I'm running into the house, but it's too late, and I know it. Orville's Master's up, his pale face, twice as long as mine, is twisted in dismay or murder I'm not sure.

"What you done, boy?" He asks, and there I am standing and bleeding and bloody with my blood and the blood of the other Day Boys.

"Making revenge," I say.

"Dain's dead?" 

My master's name burns me."You're the last."

He slumps for a moment. "You killed em all?" 

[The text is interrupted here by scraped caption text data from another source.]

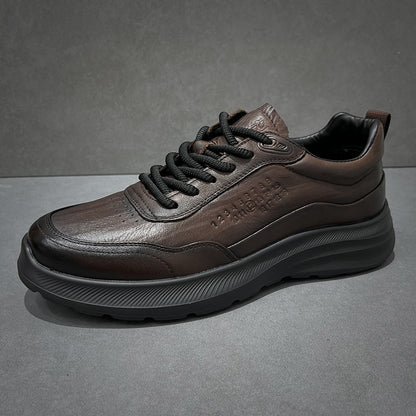 Men's Genuine Leather Casual Soft-Soled Sneakers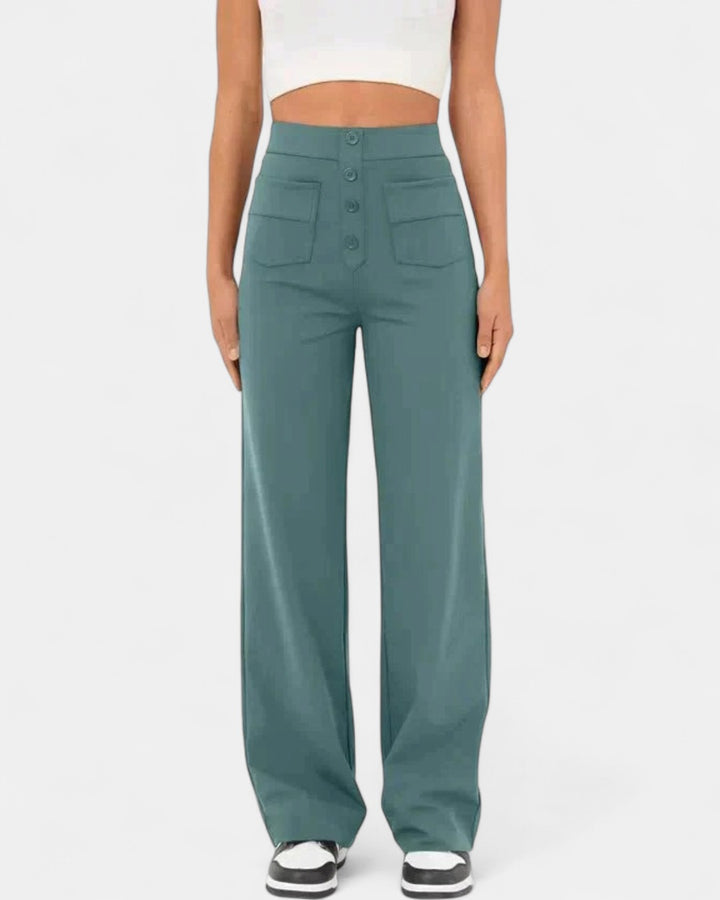ARIA | High-waisted Elastic Trousers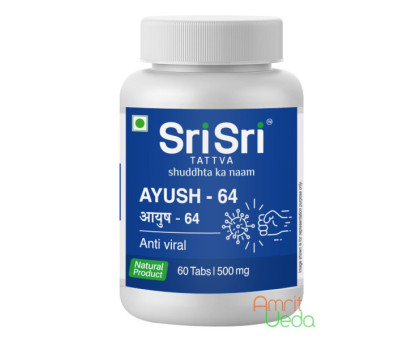 Ayush-64 Sri Sri Tattva, 60 tabletas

But he's just being rhetorical and I don't answer, my presence here is answer, because he has always been the least of them. He opens his wide mouth and there's all those rows of teeth. And I know he's still muddy with waking, and my blood is confusing the issue, so I'm dashing towards him.

He grabs my throat casually and lifts me up, and twists. Something goes crack in my back, oh, but it is pain, and for the first time I'm crying. He shakes, more pain, and I'm dropping my knife, and he's bringing me down to those teeth.

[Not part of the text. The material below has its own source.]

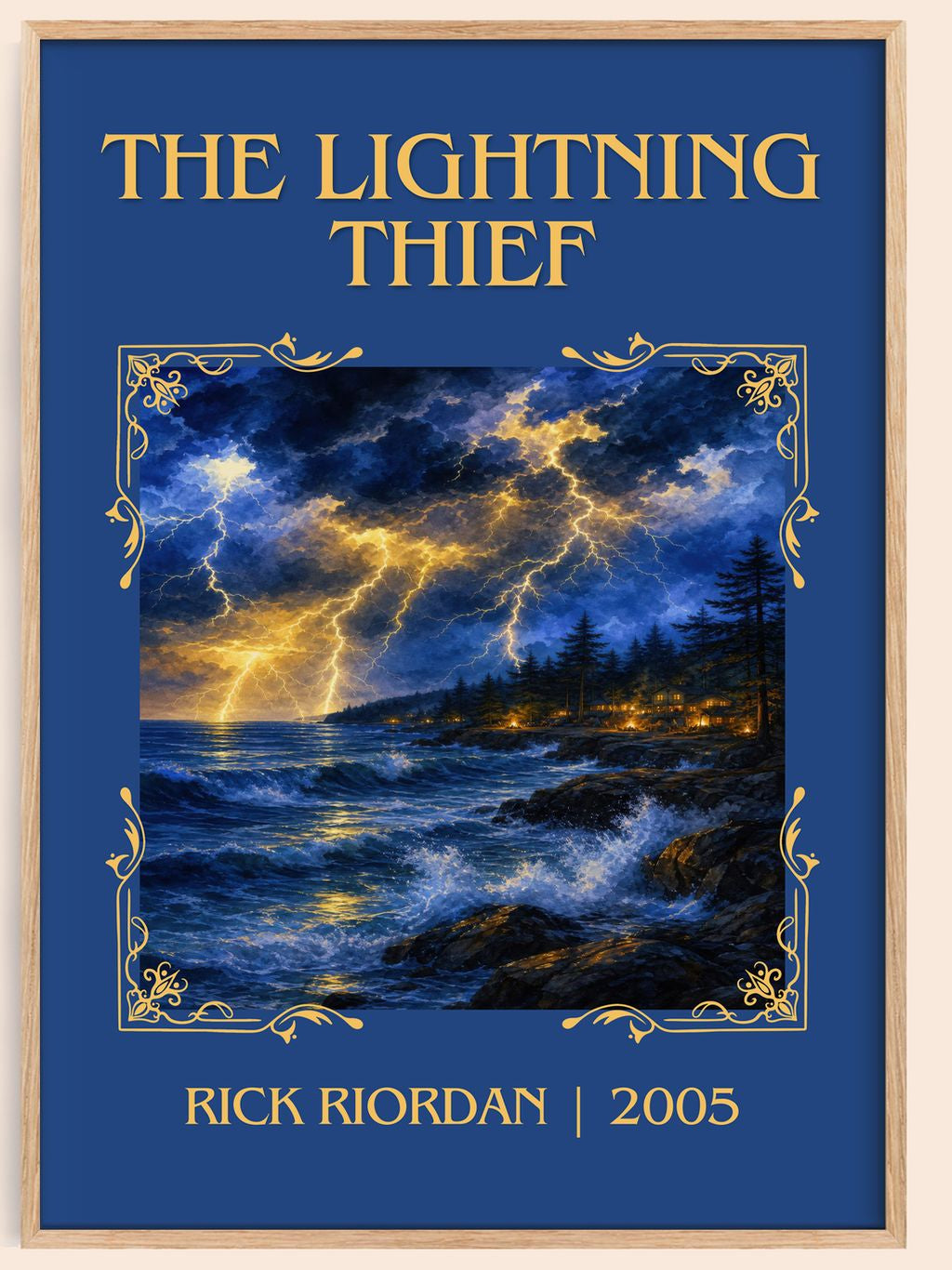 The Lightning Thief Classic Book Art Print by Rick Riordan – book poster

Then there's a noise, a burning keening in my ears, and I'm on the floor, and his body's on the floor, and Certain's holding his head. He sets a light to it, and it's quick to go up.

"You hurt?" Certain asks.

I can't even nod my head, from hurt, and he crouches down. "What do you think?" I says and cough so brutal that I'm crying again, and tasting blood.

"Jeez, Troy, you made a go of it. A serious go."

"Yeah," I smile a bit, even smiling's a hurt. "None of em knew, not a single one."

"Course they didn't," Certain says. "You've done good by this town."

My eyes are widening. Shit, I've been played a fool. "But I'm a Day Boy."

"Ain't day now." He strokes my head. "Never was too bright." 

"There's always more."

"Yup, but we'll be waiting."

There's still vengeance in my eyes. I'm burning with it, even if I can hardly move. Certain sighs. "You want the one that killed your master, you're looking right at him. Not a single regret neither. Dain told me he was coming. As a Day Boy ex, I get that courtesy. Didn't expect that I'd do what I did next. Was pretty certain you'd do the follow through. Didn't have the swifts for what had to be done. Ain't a boy any more." His voice is soft, calming me. "See there's an awful lot of fear in this town. The masters take a lot of time growing it. But you've set an example, shown they can be beat."

We both listen to the dark, there's nothing predatory out there, just a rising wind. 

"Thirty years ago there weren't no Day Boys. Thirty years ago people didn't disappear in the night. And then it came on, fast, no-one was ready for it."

"I'm dying," I say.

"Maybe, maybe not," He picks me up, careful, but it's still a bitter hurt. "Taking you to Mary's, she's waiting. I was a Day Boy once, and I'm not now. There's life after."

I'm in the truck, and he's holding me, gentle and he says stuff after that, all the way into town, but I'm not hearing much of anything. Rain's coming in, and the dark is silent, but for the rain itself and this lone truck following the smooth curve of the road into town. Things will come creeping back, but not tonight. 

Mary's waiting out the front of her place. She smiles when we pull in, but frowns when she sees me.

"Awful hurt," Certain says.

"Just bring him in." Mary touches my face. "Welcome home," she says.